There are many factors that are spoken about when we talk of workplace stress like skills sets, work satisfaction, types of leadership to name a few. However, interpersonal issues gets short changed as business is considered a matter of skills and analytics and results. Ironically, at the end of the day it is people who are supposed to get the results and quality of interpersonal relationships hugely affects work success.
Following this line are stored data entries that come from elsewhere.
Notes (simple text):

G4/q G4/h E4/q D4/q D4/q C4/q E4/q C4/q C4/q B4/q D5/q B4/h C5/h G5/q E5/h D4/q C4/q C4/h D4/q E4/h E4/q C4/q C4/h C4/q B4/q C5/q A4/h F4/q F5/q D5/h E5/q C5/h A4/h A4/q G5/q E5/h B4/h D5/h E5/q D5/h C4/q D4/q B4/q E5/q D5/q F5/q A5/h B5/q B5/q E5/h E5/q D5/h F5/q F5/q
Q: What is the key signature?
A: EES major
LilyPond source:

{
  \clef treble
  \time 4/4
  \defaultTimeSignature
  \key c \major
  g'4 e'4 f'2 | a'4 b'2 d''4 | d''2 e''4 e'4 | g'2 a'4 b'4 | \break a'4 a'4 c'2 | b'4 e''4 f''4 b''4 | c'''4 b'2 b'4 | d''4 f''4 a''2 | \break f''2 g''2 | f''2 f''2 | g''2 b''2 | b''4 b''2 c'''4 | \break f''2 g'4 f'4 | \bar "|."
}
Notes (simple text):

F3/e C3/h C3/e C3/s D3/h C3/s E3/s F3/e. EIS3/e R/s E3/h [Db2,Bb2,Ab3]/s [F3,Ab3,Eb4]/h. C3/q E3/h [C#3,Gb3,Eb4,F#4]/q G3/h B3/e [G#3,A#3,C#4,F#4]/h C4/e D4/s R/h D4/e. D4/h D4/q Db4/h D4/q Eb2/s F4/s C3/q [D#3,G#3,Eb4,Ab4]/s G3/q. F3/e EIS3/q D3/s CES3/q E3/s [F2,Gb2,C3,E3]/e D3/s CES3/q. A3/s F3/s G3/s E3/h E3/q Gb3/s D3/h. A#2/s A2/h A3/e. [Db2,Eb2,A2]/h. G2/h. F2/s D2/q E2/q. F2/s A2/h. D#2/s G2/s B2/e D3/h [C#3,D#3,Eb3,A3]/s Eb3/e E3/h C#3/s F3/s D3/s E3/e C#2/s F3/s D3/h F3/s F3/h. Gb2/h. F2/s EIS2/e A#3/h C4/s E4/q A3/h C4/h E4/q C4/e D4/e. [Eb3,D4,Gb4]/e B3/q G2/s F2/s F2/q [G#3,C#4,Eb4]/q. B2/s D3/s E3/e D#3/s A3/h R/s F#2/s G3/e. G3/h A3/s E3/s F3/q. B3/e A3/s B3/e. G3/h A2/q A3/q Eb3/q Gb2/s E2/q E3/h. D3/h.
At any workplace, co-workers spend a huge amount of time together both professionally and outside work. Personally, I have thrived when I have been surrounded with positive, inspiring, supportive colleagues and have enjoyed my work even more! But I have not done so well when I have had colleagues who have been excessively competitive, acted superior, thrown tantrums when things haven’t gone their way, have not done their share of work or gossiped about me. You may find yourself working with someone who calls in sick whenever there is an important deadline, or has the inevitable problem at home and you find yourself doing all the work repeatedly till you feel so exhausted that you want to call it quits! You may be losing your peace of mind, spend many waking hours thinking about this person and talking about them with friends but at the same time feel like you can do nothing about it. You keep wondering how these people come out without a scratch whereas you end up looking bad and eventually begin to lose faith in the fairness of the workplace and the system. There is nothing tougher than working in a team and having a team destroyer!
Workplace-A salad-bowl of personalities
A workplace has a great representation of different personality styles. A given office may have people with pretty much the same training or skill set but it definitely is a salad bowl of different personality styles all thrown in together to get along and work along! And this is great because every style brings its own unique flavour and contributes to workplace success, like some are good at envisioning the big picture while others are extremely detail oriented. But there may be certain personality styles and traits that cause problems for others and this could be more damaging in a workplace where your performance and results are constantly under scrutiny.
Below is a list of problematic personality traits that you may encounter.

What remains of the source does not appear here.